WHAT YOU NEED TO DO.
Make an exact copy, without pictures, of the lines below from the one containing "BIC primer plano" to the last line, both ends included.

---------- GIVEN RECORDS

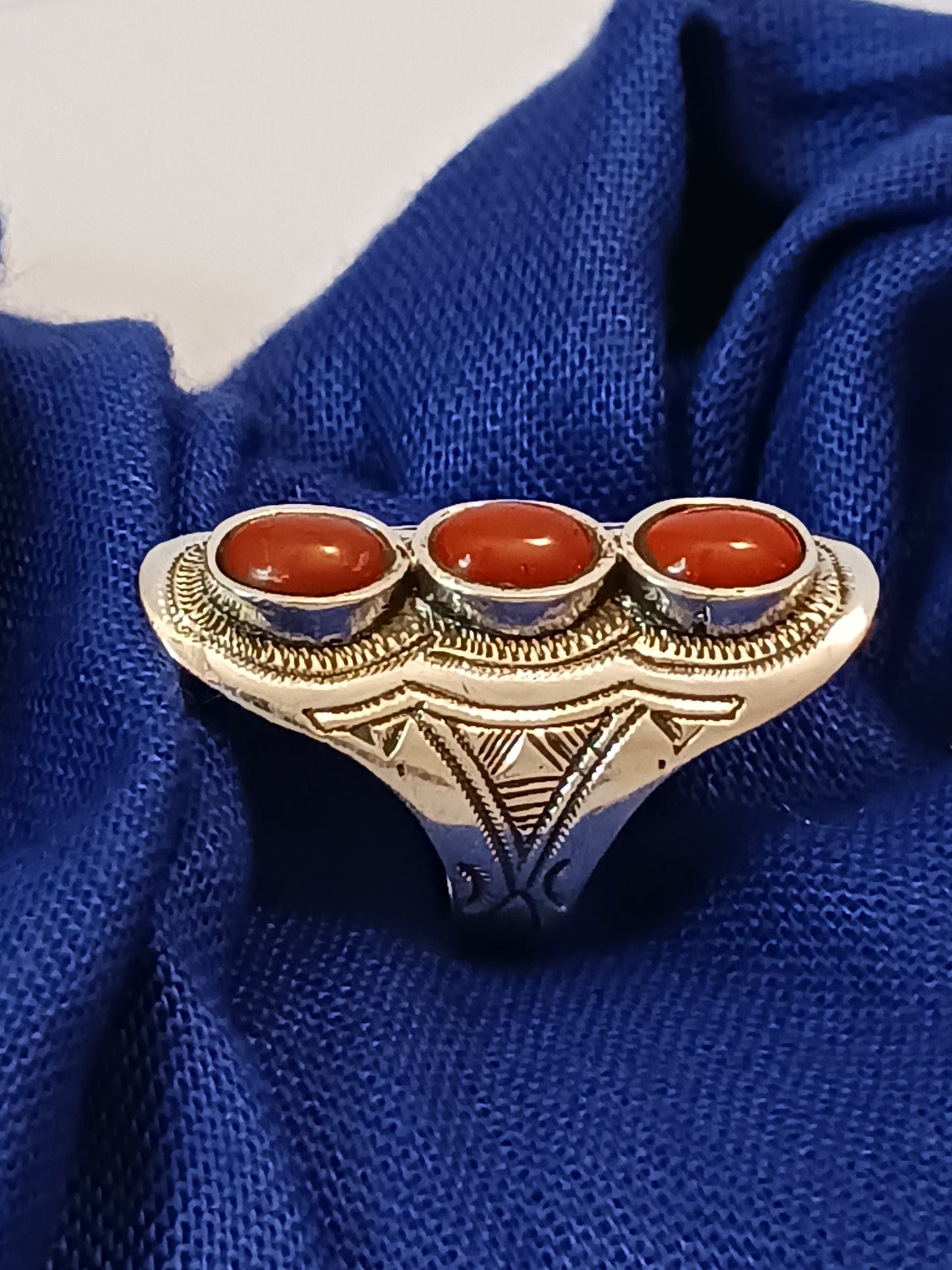 Bague touareg en argent massif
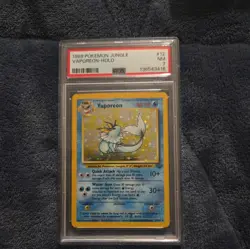 1999 Pokemon TCG | Vaporeon Holo 12/64 | Jungle | PSA 7 NM - Image 1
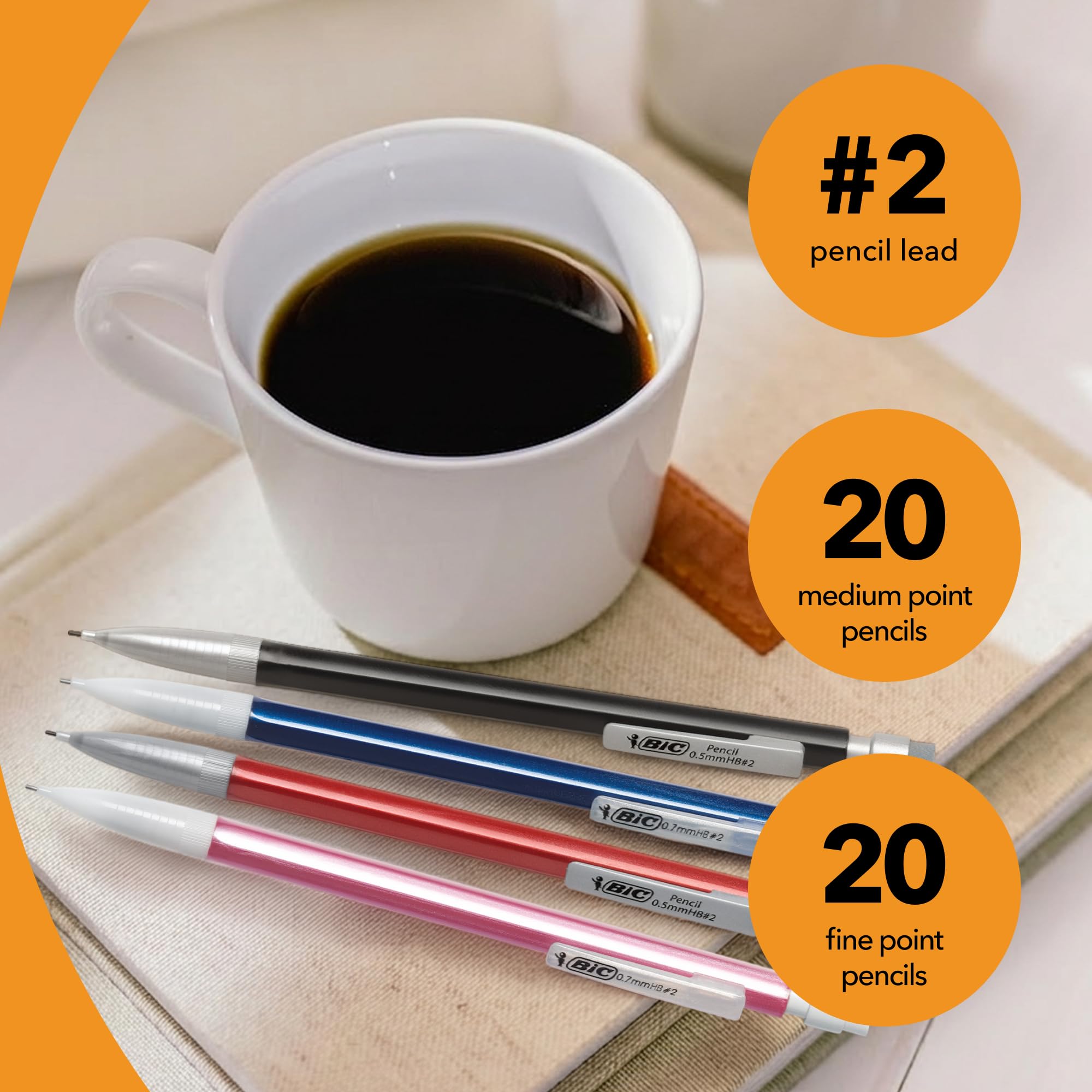 BIC primer plano de punta 0,5 mm para líneas finas y precisión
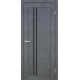 Двері Бельгія Europe Doors бетон темний зі склом (чорне)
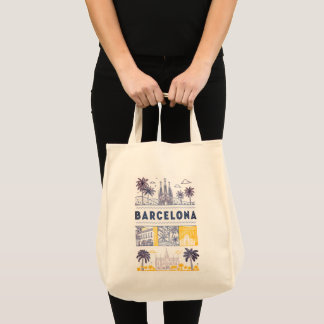 Global City Grocery Tote Bag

--------------------

EXERCISE OUTPUT.
 BIC primer plano de punta 0,5 mm para líneas finas y precisión
 Двері Бельгія Europe Doors бетон темний зі склом (чорне)
 Global City Grocery Tote Bag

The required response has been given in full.